After four days in the hospital, Schroeder was transferred to Stallworth Rehabilitation Hospital.
“The recovery was the hardest,” she said. “I couldn’t tie my shoes any more. I couldn’t stand up in the shower. It was like I was more tired than I’ve ever been in my entire life. The exhaustion after a brain injury was so hard. I took a nap three times a day. It was like being a toddler and regressing.”
She underwent months of physical therapy. With support from her husband, mother, family and her friends, she continued to work through therapy and eventually returned to her job.
“I’m a doer, so for me to be stuck for that long was really hard,” she said.

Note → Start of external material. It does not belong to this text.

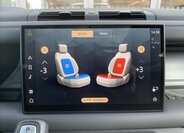 Land Rover Defender 52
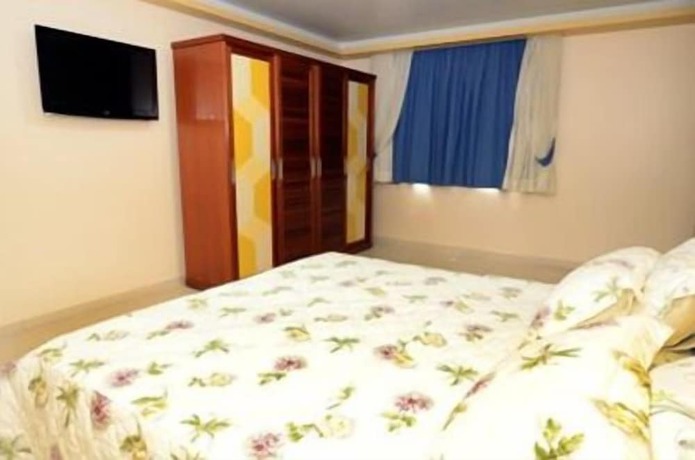 Imagen de la habitación del Hotel Perolas. Foto 9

Despite the hardships during her healing, Schroeder felt immense gratitude knowing that she’d survived.
“It hit me so hard when I realized that doctors thought I could’ve died. I was bawling thinking of my mother, brothers, family, my friends and my life,” she said. “Since then, I have really tried to be optimistic, present and live a life full of gratitude. I’m eternally grateful to all the people that helped me through that dark time — my previous employer, friends and family, doctors and therapists.”

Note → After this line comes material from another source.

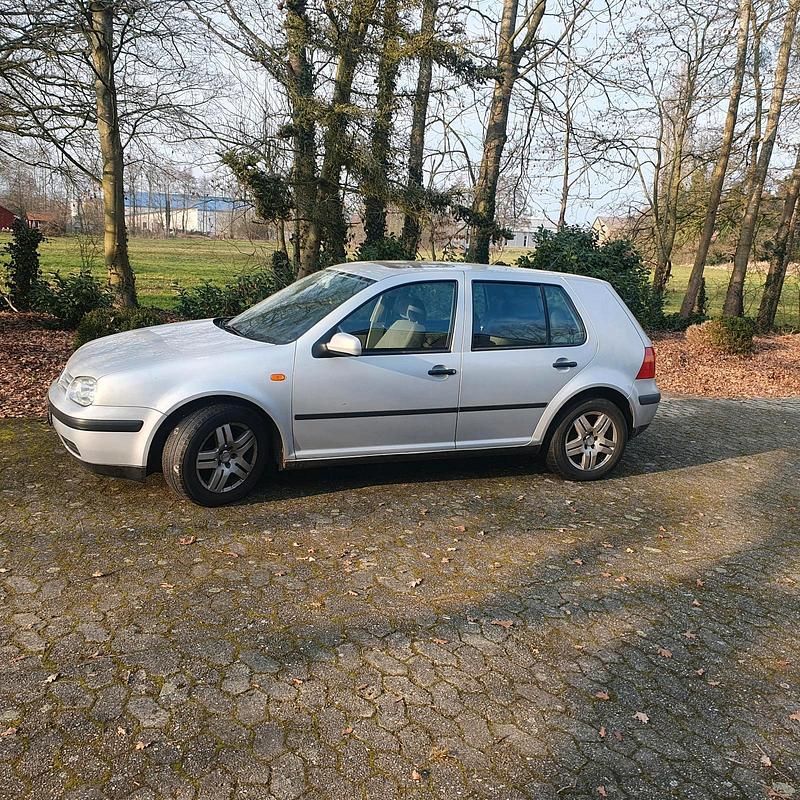 Gebraucht VW Golf IV 101 PS (74 kW) 1998 Silber Kleinwagen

The only remaining physical reminder of her stroke is unusual movements, called hemidystonia, in her left hand and foot. But it took a while for her to feel normal. The risk of having a blood clot or another stroke stayed in her mind for some time.
Kirshner had some advice for her that helped.
“Dr. Kirshner said, ‘You have to live your life. You can’t let this stroke dictate the rest of your life. You have to keep living.’ I took that to heart and remind myself on a monthly basis.”
Living Life
Carly and Allan will celebrate 15 years of marriage this year and since that traumatic injury have had two children. She is now a stay-at-home mom to 6-year-old boy and 6-month-old girl, enjoying life to the fullest.
“I really can’t say enough how I try to have gratitude and grace,” she said. “I tell my husband twice a week how grateful I am to stay home with our daughter and be in the carpool at 3 p.m. picking up my son.”
She still thinks about the day that her life changed.
“It’s in the forefront of my mind,” she said. “Life is so precious, and you never know what could happen.”